WHAT THE TASK REQUIRES. Copy out the data from the line containing "Casio Fx-991es PLUS" to its last line, exactly. No pictures.
(Beginning of RECORDS TO USE)
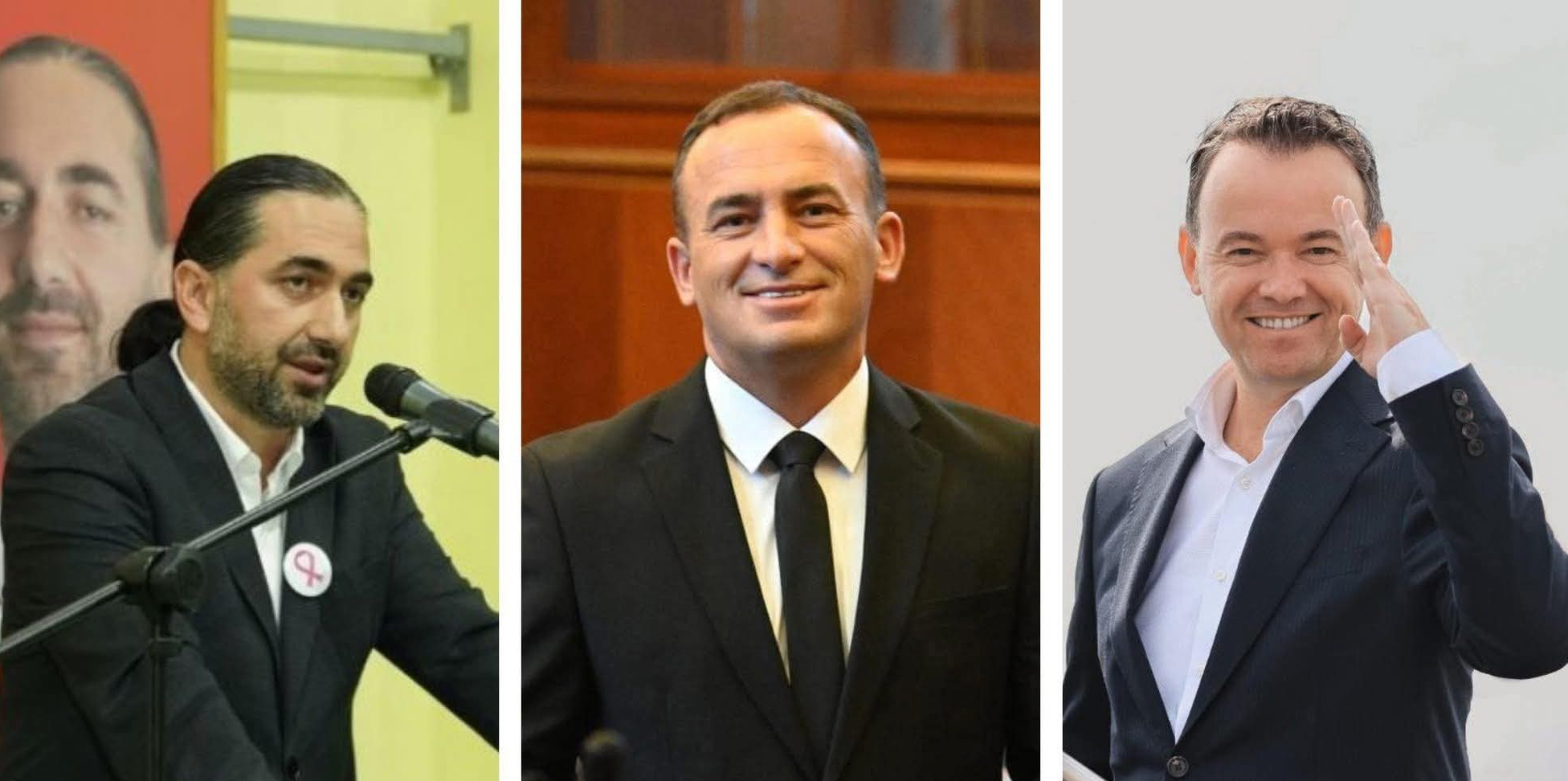  Treshja kriminale e bandës së kuqe  sot shpërblehet me pushtet në 3 komuna 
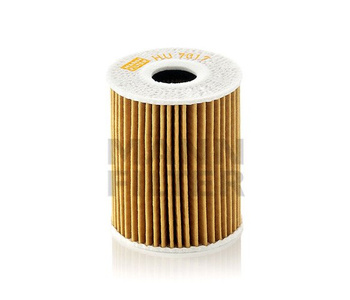 Filtr oleju MANN HU 7017 z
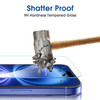 HD Tempered Glass Screen Protector for iPhone 16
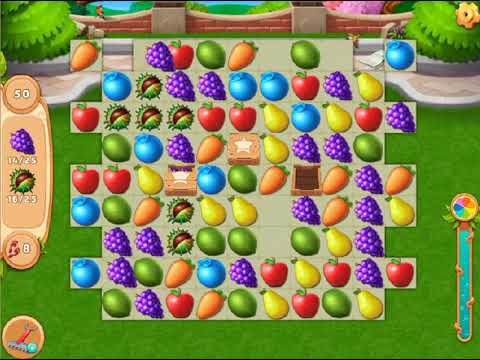 Family Zoo The Story Level 50 - No Boosters (by match3news.com)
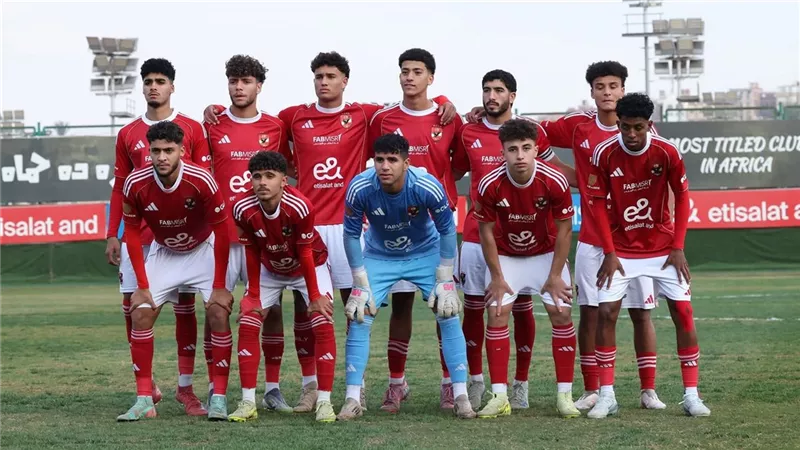 «أهلي 2007» يفوز على البنك بثنائية في بطولة الجمهورية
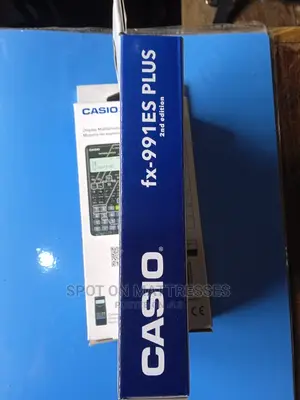 Casio Fx-991es PLUS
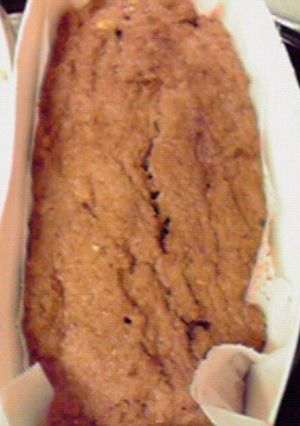 ノンオイル☆おからココアケーキ♪-レシピのメイン写真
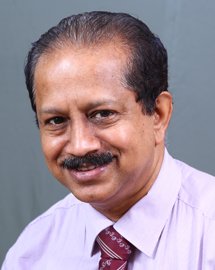 Dr. Binoy J. Paul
(End of RECORDS TO USE)
EXERCISE RESULT.
 Casio Fx-991es PLUS
 ノンオイル☆おからココアケーキ♪-レシピのメイン写真
 Dr. Binoy J. Paul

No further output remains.